Tip: Pre-drilling holes in the wood, especially for longer screws going into hardwood, will reduce the risk of snapping the head because of too much torque. Also, make sure you use the right length of screw. Generally, you’ll want 1 – 1 ½ times the length of the screw to go into the adjoining board.
Drywall Screws: There are two basic types of drywall screws -- finely threaded (S-type), for attaching drywall to metal studs, or coarsely threaded (W-type) for attaching drywall to wood. S-types have self-drilling tips that eliminate the need to pre-drill. With very sharp points, drywall screws go in fast and reduce tearing. There are several brands, including those coated with ceramic, zinc or phosphate. Some coatings reduce corrosion. Charlotte house paintersPaint Line make a good case for using proper drywall screws, saying, "That small hole that seems easy to patch can quickly turn into a large, unsightly bulge on your wall."
Sheet Metal Screws: Sheet metal screws come in a large assortment of types and sizes and can be used in any application that requires joining a number of different materials together including plastics, rubber and various metals as well as plywood. They should not be used to replace wood screws but are definitely outstanding fasteners because their sharp and customized threads, guaranteeing a tight bond. Choice should be based upon the type of materials you are working with. Type A, B, or AB is the most common, while others such as Type 25 (for plastics) are used for specialized applications. Ask a hardware specialist for assistance choosing the right type of fastener for your project.
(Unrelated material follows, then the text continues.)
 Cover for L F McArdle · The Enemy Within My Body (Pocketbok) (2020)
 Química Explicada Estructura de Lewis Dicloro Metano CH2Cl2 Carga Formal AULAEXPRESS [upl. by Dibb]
Sheet metal screws may have flat, oval or hex washer heads. The latter is attached to the head to distribute force over a wider area so the screw doesn’t “sink” into the material.
Self-Tapping: Self-tapping screws can be found as sheet metal, drywall or wood screws with different types of heads and have the distinctive advantage of eliminating the need to pre-drill. Threads of self-tapping screws accommodate the material by drilling their own holes as they’re inserted. The disadvantages to using them is that disassembly often results in stripping the screw (remedied by using a slightly larger screw for re-assembly), and they are easily snapped when over-tightened.